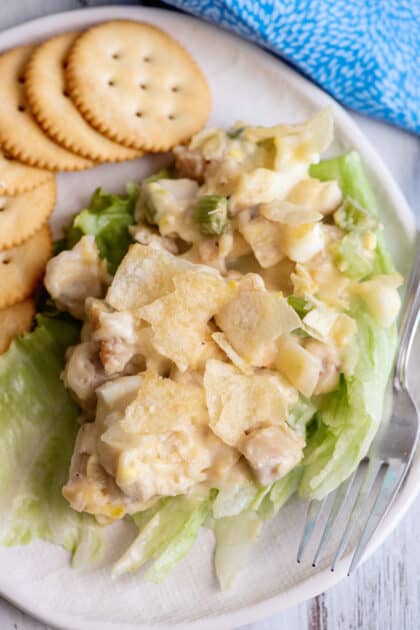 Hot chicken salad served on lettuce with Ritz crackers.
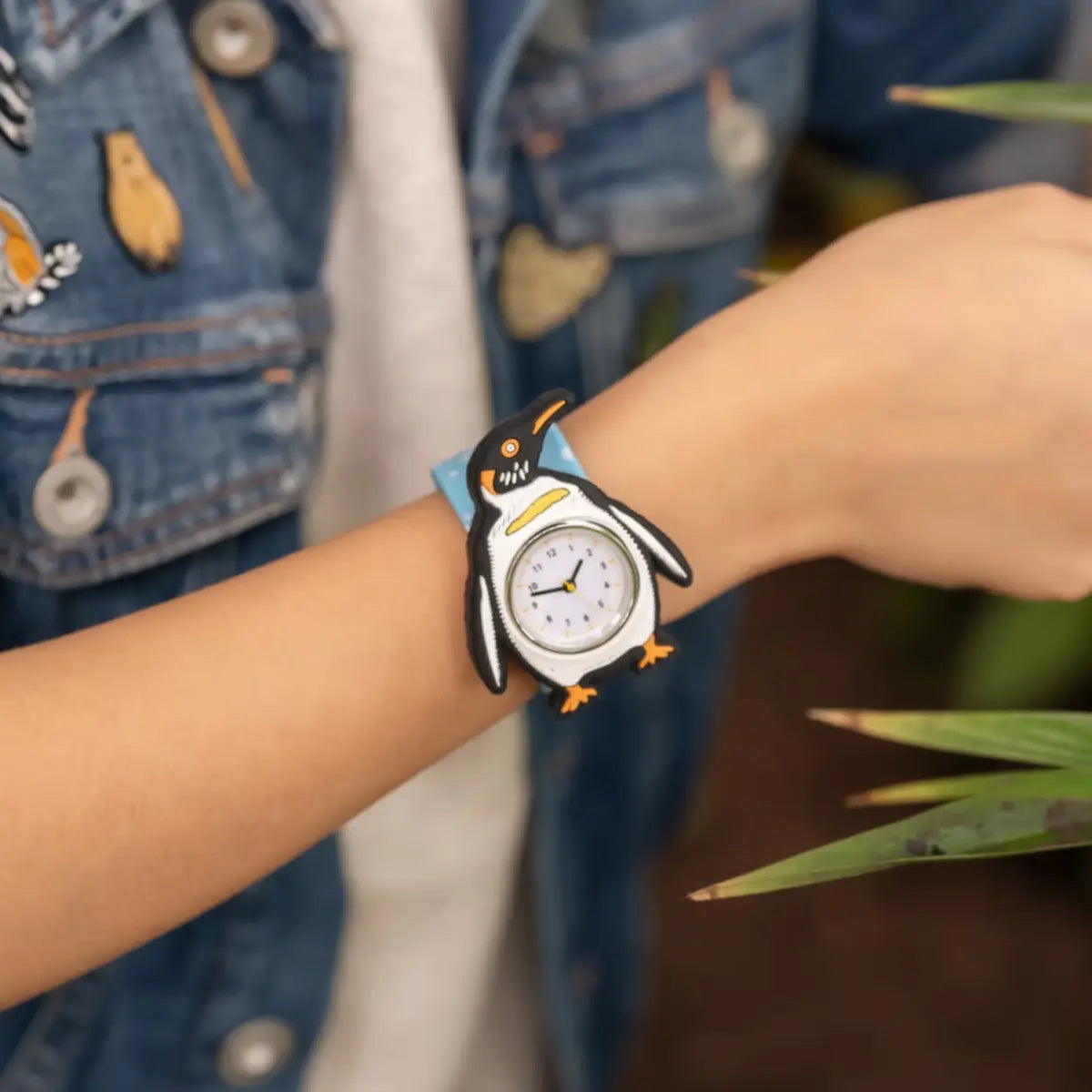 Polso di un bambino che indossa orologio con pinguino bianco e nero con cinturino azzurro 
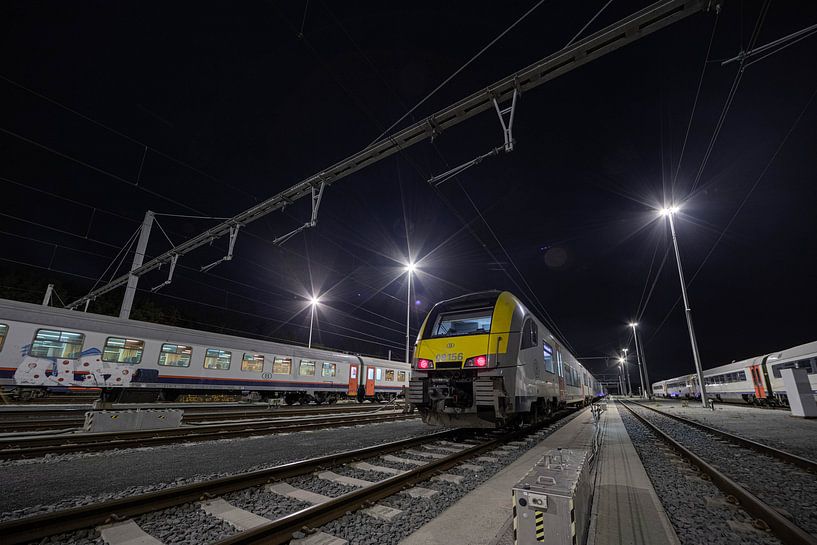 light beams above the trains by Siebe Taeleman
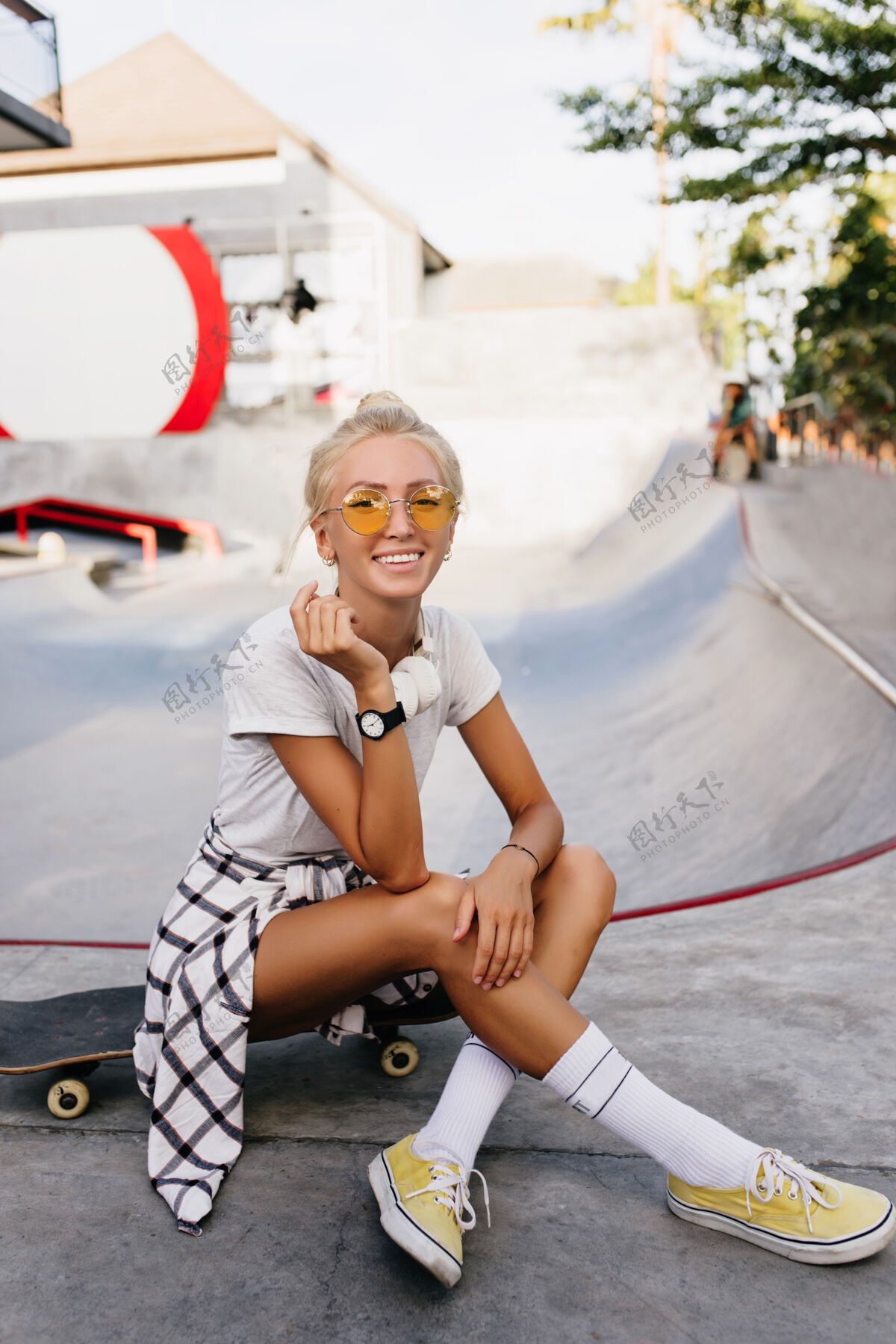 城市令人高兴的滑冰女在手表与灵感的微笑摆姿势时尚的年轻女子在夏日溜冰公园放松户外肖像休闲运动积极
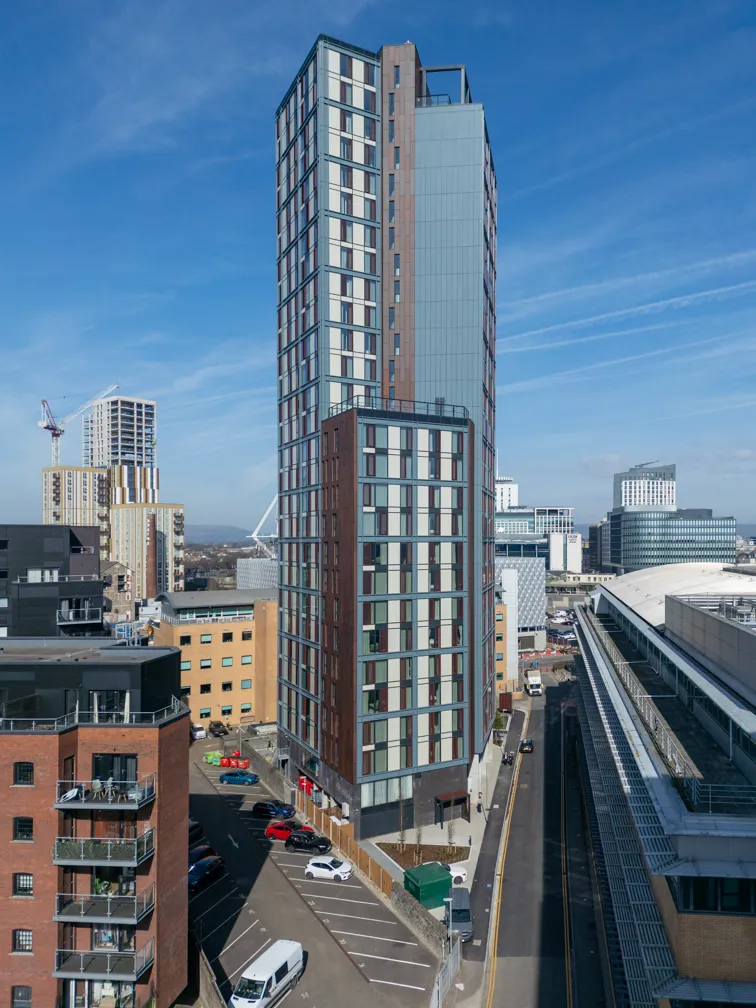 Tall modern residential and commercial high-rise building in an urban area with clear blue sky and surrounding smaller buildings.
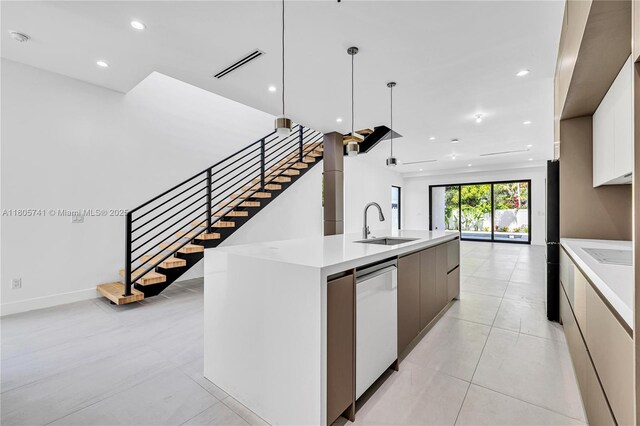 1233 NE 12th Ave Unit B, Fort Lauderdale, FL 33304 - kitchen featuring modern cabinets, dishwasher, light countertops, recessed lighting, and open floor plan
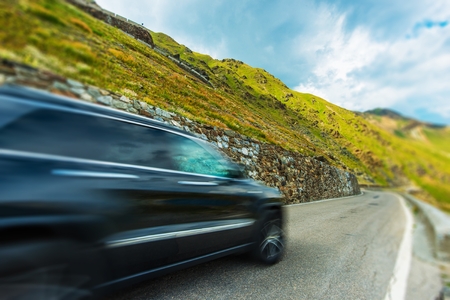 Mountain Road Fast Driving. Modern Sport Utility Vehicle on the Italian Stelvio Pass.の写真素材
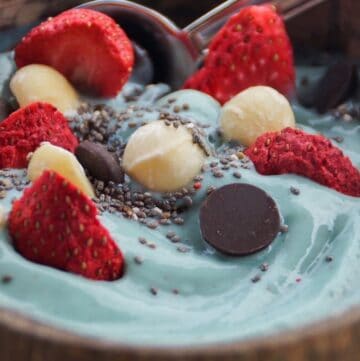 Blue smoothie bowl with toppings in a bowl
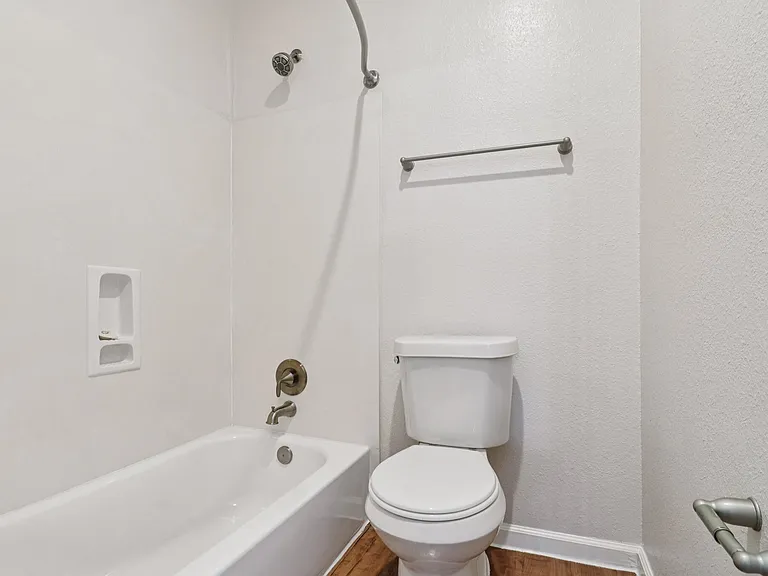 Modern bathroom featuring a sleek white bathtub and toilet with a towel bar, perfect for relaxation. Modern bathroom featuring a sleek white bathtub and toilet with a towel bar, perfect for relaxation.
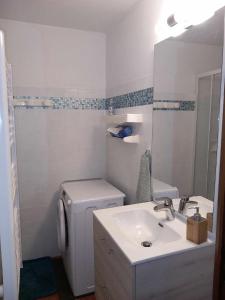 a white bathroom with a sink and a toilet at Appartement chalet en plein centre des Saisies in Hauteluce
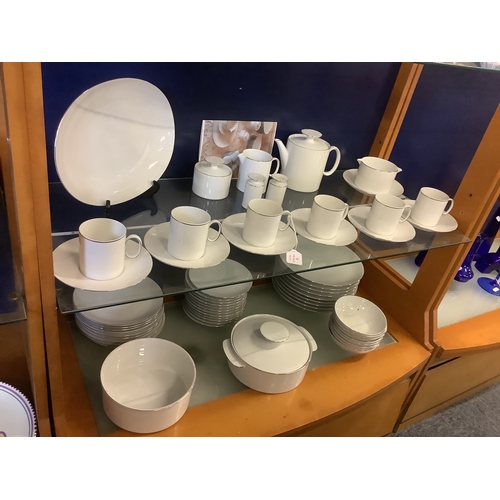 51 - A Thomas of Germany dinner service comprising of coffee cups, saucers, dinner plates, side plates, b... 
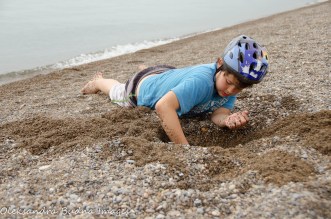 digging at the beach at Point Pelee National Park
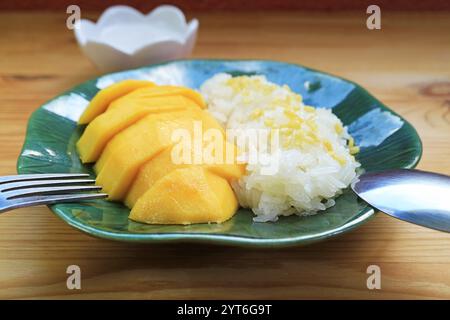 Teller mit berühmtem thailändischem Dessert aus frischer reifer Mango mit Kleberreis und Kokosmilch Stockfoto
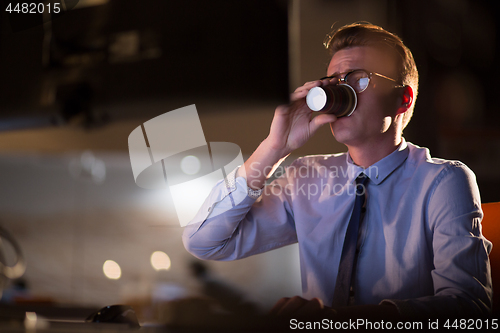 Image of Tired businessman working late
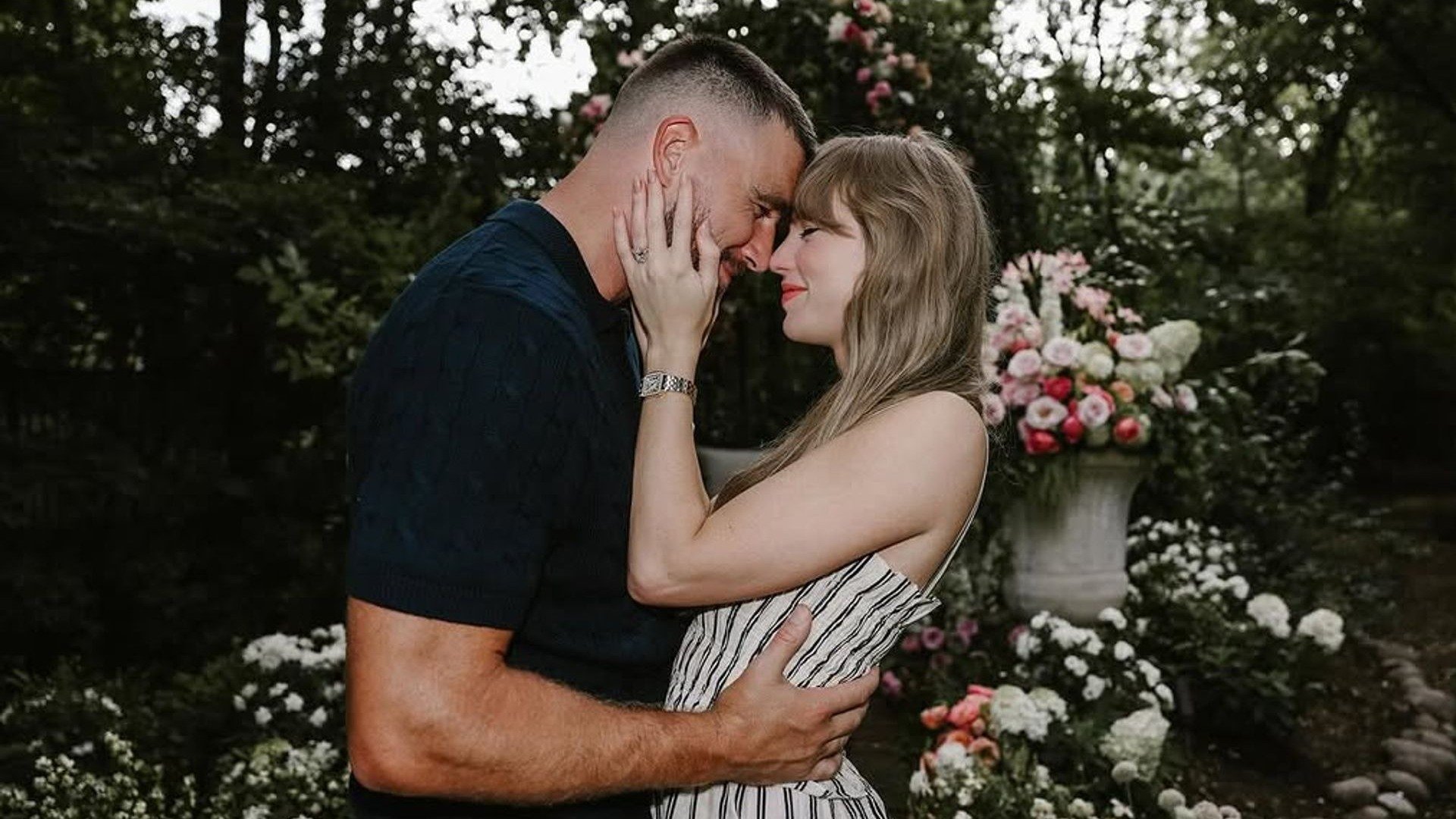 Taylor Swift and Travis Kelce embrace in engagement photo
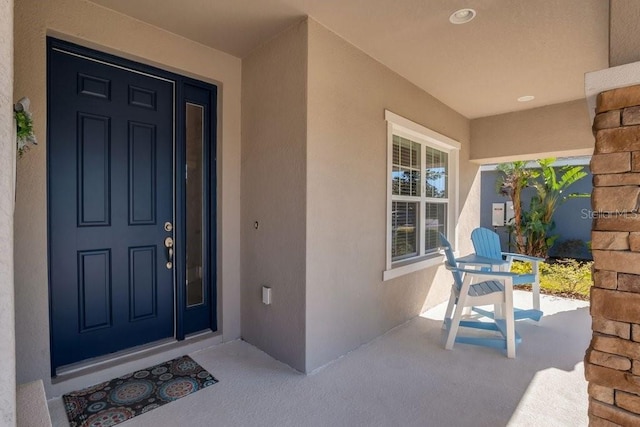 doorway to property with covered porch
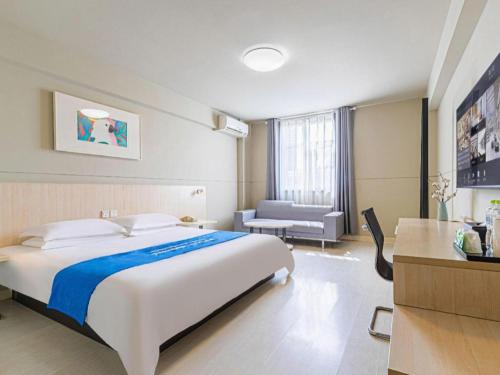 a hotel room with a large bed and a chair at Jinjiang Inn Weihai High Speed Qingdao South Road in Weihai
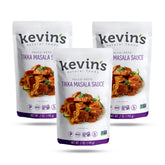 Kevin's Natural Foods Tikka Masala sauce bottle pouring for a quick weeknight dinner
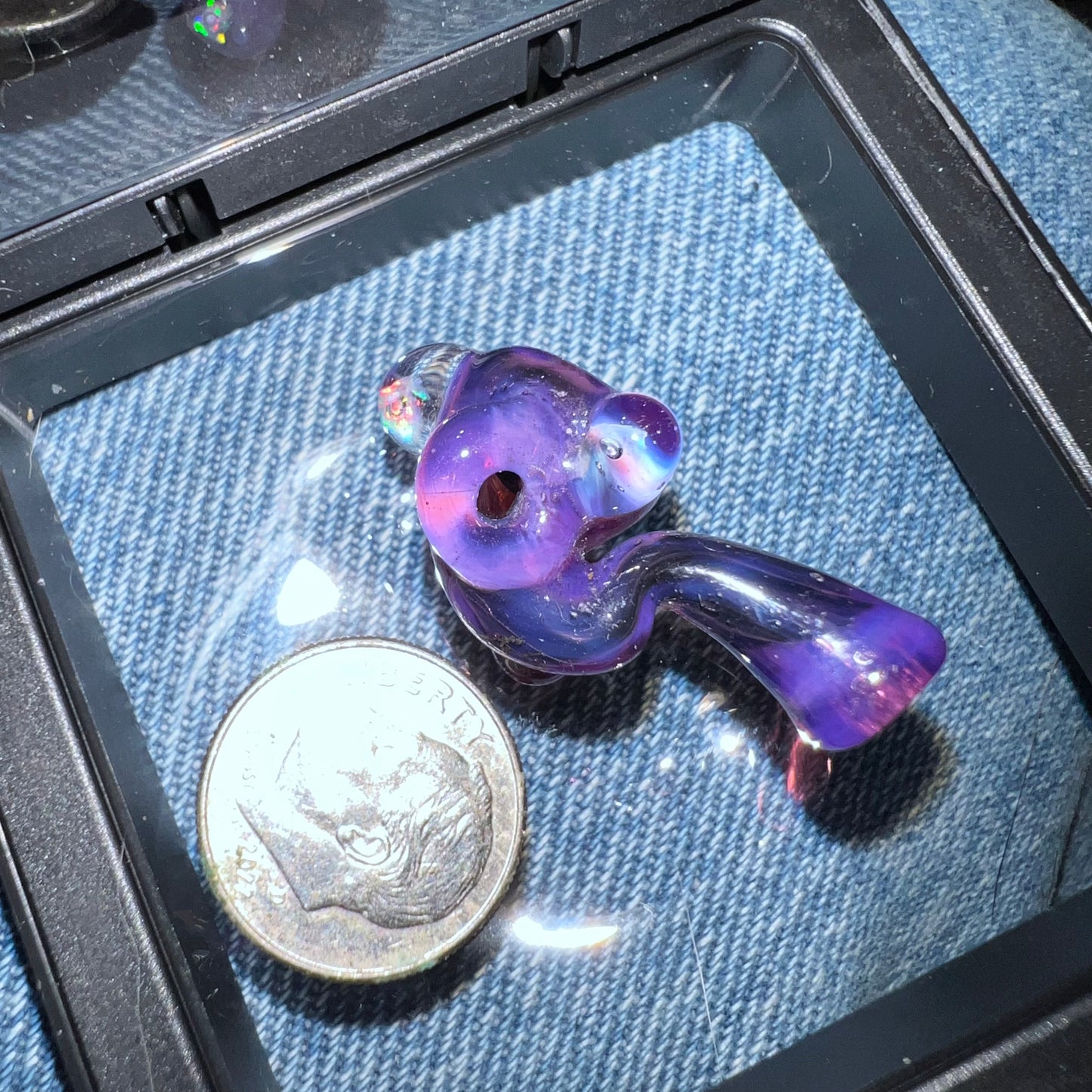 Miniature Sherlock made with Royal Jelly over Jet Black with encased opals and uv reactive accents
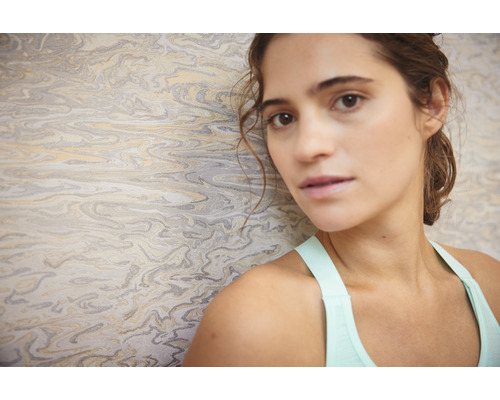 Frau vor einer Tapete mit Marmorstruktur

**PROBLEM TO WORK ON:** Please repeat the records above exactly, omitting any pictures they contain.

**TASK RESULT:**
 Hot chicken salad served on lettuce with Ritz crackers.
 Polso di un bambino che indossa orologio con pinguino bianco e nero con cinturino azzurro 
 light beams above the trains by Siebe Taeleman
 城市令人高兴的滑冰女在手表与灵感的微笑摆姿势时尚的年轻女子在夏日溜冰公园放松户外肖像休闲运动积极
 Tall modern residential and commercial high-rise building in an urban area with clear blue sky and surrounding smaller buildings.
 1233 NE 12th Ave Unit B, Fort Lauderdale, FL 33304 - kitchen featuring modern cabinets, dishwasher, light countertops, recessed lighting, and open floor plan
 Mountain Road Fast Driving. Modern Sport Utility Vehicle on the Italian Stelvio Pass.の写真素材
 Blue smoothie bowl with toppings in a bowl
 Modern bathroom featuring a sleek white bathtub and toilet with a towel bar, perfect for relaxation. Modern bathroom featuring a sleek white bathtub and toilet with a towel bar, perfect for relaxation.
 a white bathroom with a sink and a toilet at Appartement chalet en plein centre des Saisies in Hauteluce
 51 - A Thomas of Germany dinner service comprising of coffee cups, saucers, dinner plates, side plates, b... 
 digging at the beach at Point Pelee National Park
 Teller mit berühmtem thailändischem Dessert aus frischer reifer Mango mit Kleberreis und Kokosmilch Stockfoto
 Image of Tired businessman working late
 Taylor Swift and Travis Kelce embrace in engagement photo
 doorway to property with covered porch
 a hotel room with a large bed and a chair at Jinjiang Inn Weihai High Speed Qingdao South Road in Weihai
 Kevin's Natural Foods Tikka Masala sauce bottle pouring for a quick weeknight dinner
 Miniature Sherlock made with Royal Jelly over Jet Black with encased opals and uv reactive accents
 Frau vor einer Tapete mit Marmorstruktur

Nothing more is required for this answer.